Harvesting the Winds of Fukushima
Japan to Build World’s First Floating Wind Farm
Graduate School of Engineering
The University of Tokyo (Todai), together with a group of major Japanese corporations, including Marubeni Corporation, Mitsubishi Corporation, Mitsubishi Heavy Industries, IHI Marine United, Mitsui Engineering & Shipbuilding, Nippon Steel Corporation, Hitachi, Furukawa Electric and Shimizu Corporation, are planning to build a large-scale floating offshore wind farm that will be the largest facility of its kind in the world. The project, based on research started ten years ago at Todai, is part of the Ministry of Economy, Trade and Industry’s effort to boost Japan’s renewable energy resources and revitalize the Tohoku regional economy in the wake of the devastating 11 March 2011 earthquake and tsunami that struck the northeast coast of Japan, and which has led to the shutdown of all the country’s 54 nuclear reactors.
The group will initially construct one 2 MW (megawatt) and two 7 MW wind turbines on floating platforms situated off the coast of Fukushima Prefecture, one of the areas hardest hit by the earthquake and tsunami, and also near the site of the stricken Daiichi nuclear plant that triggered the current nuclear shutdown. Over time 140 additional floating structures will be added with the goal of creating a 1 GW (gigawatt) wind farm by 2020.
The central figure behind the plan is Takeshi Ishihara, a professor in the Department of Civil Engineering at Todai’s Graduate School of Engineering, and a specialist in wind energy.

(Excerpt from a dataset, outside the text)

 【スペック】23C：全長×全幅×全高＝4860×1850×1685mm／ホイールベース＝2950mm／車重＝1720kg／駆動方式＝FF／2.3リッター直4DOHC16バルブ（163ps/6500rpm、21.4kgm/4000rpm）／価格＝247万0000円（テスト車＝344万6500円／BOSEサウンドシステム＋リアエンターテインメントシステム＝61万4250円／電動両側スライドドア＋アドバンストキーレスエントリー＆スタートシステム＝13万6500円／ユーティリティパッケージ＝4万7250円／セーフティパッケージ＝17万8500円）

As the plan’s evangelist, he is quick to point out that “The capacity of wind power in the world in 2011 was about 238GW —more than the 204GW combined capacity of Japan’s ten power companies in 2009.”
Japan’s windswept islands
Despite the fact that Japan is an archipelago and therefore open to the seas all along its vast coastline, Ishihara faced a struggle to get private corporations interested in his ideas because of lack of data on the feasibility of the project, concerns over the perceived high costs involved and the inherent variability of wind power.
To bolster his argument, he employed a computer simulation based on previous meteorological data that demonstrated Japan’s offshore wind power inventory (the amount of energy that potentially could be used) could amount to as much as 1570 GW — roughly eight times the current capacity of Japan’s power companies. He also used data collected over a period of two years from an anemometer on a platform located on a natural gas field off the coast of Fukushima’s Iwaki City. This data showed that maritime wind speeds averaged 7.4 m/s (meters per second), with monthly maximum mean wind speed exceeding 9 m/s. By comparison, the average wind speed on land is only around 4.3 m/s. Given the amount of power that can be generated is proportional to the cube of the wind speed, this indicated that the potential offshore wind power would be at least 5 times that of the land figure.
Although Japan’s territorial waters rank sixth in the world in terms of size, topographically the Japanese coast is surrounded by a continental shelf with depths of between 50 and 200 meters, beyond which the seas abruptly cut away to very deep water—including the Mariana Trench to the south. Most offshore wind turbine platforms, however, are of the fixed-bottom type and are found in shallow waters. These are platforms with bases attached to the sea floor, so when the depth of water exceeds 50 meters, construction costs soar, making these facilities unsuitable for the Japanese coast.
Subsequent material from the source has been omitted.